Translator’s Note: Katy Derbyshire on Sandra Hoffmann’s Paula

©Anja Pietsch

Our third translator’s note is by publisher-translator-blogmistress Katy Derbyshire, who enjoys referring to herself in the third person – another from our very first batch of books. Here, she asks the question: is anything really untranslatable?

The story of Paula’s translation is a long one. I first came across Sandra Hoffmann’s book when it won the Hans Fallada Prize, a German literary award for fiction with a political and social background. The premise of the book fascinated me and I swiftly got hold of it. What a devastating story, so beautifully told!

Sometimes translators read differently to other people. If I find myself trying to translate as I go along, that’s usually a good sign – that I want to take co-ownership of the book, put it into my own words. Here, though, there were two major hurdles. What to do with the Swabian dialect, so integral to the narrator’s emotions. And what on earth to do with the essential word schweigen, a notion that doesn’t exist in such compact form in English and yet crops up in the very first line.

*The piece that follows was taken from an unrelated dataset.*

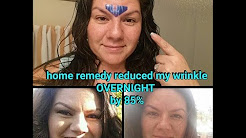 HOW-TO overnight get rid of wrinkle between eyes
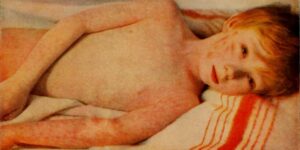 sua-se-apropie-de-punctul-de-varf-al-vaccinarii,-se-confrunta-cu-mii-de-decese-inutile:-fda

The first step, though, was to invite Sandra Hoffmann to spend a week working with translators at the British Centre for Literary Translation’s summer school in 2018. I effectively passed on the conundrums to a fantastic group of emerging and early-career literary translators, who had five days to think deeply about them with Sandra’s advice and support. That was how the idea came about to retain some of the Swabian in the dialogue. When the groups read their excellent work aloud on the final day, the dialogue worked! And thankfully, having Sandra on hand helped us to decipher the meaning very easily and hear the sound in her own voice.

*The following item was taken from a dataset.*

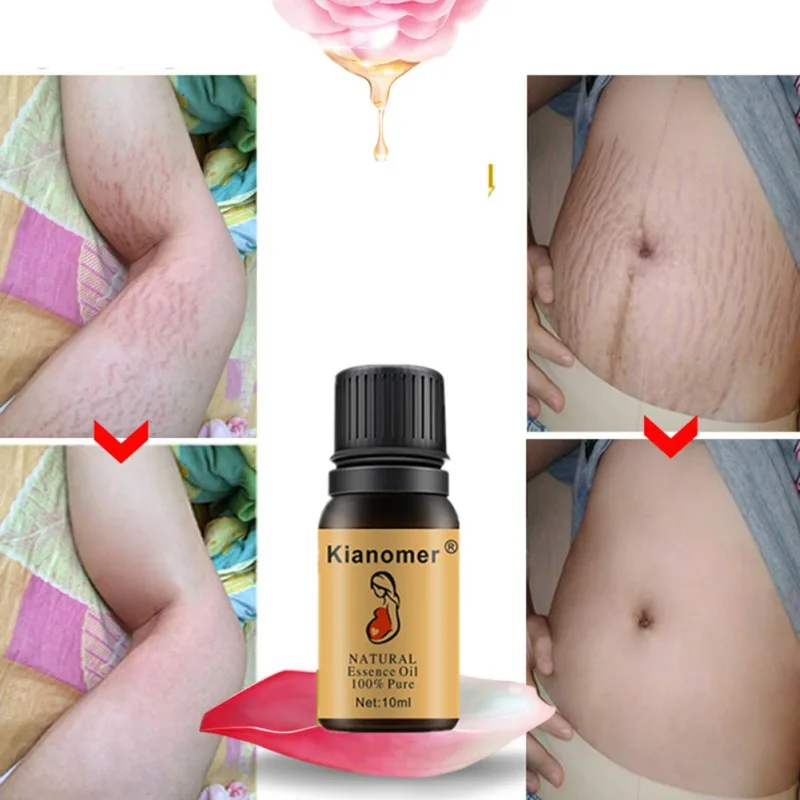 Stretch Marks Repair Essential Oil Nourishing Skin Lightening Pigment Stretch Marks Removal Oil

There followed a search for a UK publisher for a full translation. This has never been my strong point, but in my defence, it is difficult. Presses have restricted budgets and only so many slots, and taste varies wildly. Whatever the case, I didn’t find anyone who shared my massive enthusiasm. Ho hum, another one bites the dust. At least I don’t have to find a solution for schweigen.

Except then I had the idea of setting up an English-language imprint with a German publisher. Having found a sufficiently adventurous press, Voland & Quist, part of our initial conversation was my wish-list. Paula was at the very top of that list.

I’ll skip a bit because this is a translator’s note, not an emerging publisher’s note. Suffice to say, I did now have to find a solution for schweigen. The summer school participants had tackled it and found a very elegant way around it – after much discussion – but I felt I had to start anew and I wasn’t happy with anything I came up with.

I don’t really believe in the concept of ‘untranslatable words’. What we have to do is find ways to explain them or paraphrase them that don’t blow a hole in the original text. Likewise, ‘untranslatable books’ demand creative translations, reworkings, bold steps. Ownership on the part of the translator, if you will. It’s always an implicit part of our work to help readers understand a book’s cultural setting, by choosing words carefully and occasionally making discreet additions – inserting a gloss, to use the technical term. Saint Jerome, the horribly misogynist patron saint of translators, was a great fan of glosses in his biblical translations.

Could I do that in the first sentence? The German is:
Schweigen ist anders als still sein.
Rendered in the words English offers us, the literal translation would be something like:
Silence is different to being silent.
Which doesn’t cut it, does it?
After hours of fiddling with those first six words, and after moving on so I’d at least get started on finding the right voice for Sandra’s book, I returned to the beginning at the end. I came up with a very brief explanation for the word schweigen: ‘deliberately remaining silent’. And I built that into a sentence and a half in the tone I had found for the narrator, right at the beginning of the novel:
We have a word in German: schweigen. It means deliberately remaining silent; it is different to merely being quiet. Or that’s the final version, after workshopping the first page with my ‘translation lab’ in Berlin and after an excellent edit by my esteemed colleague Florian Duijsens. A sentence and a half that took over a year to translate. Sandra was happy with it, I’m happy with it, and I hope you, the reader, perceive it as the right opening to a German book all about deliberate silences.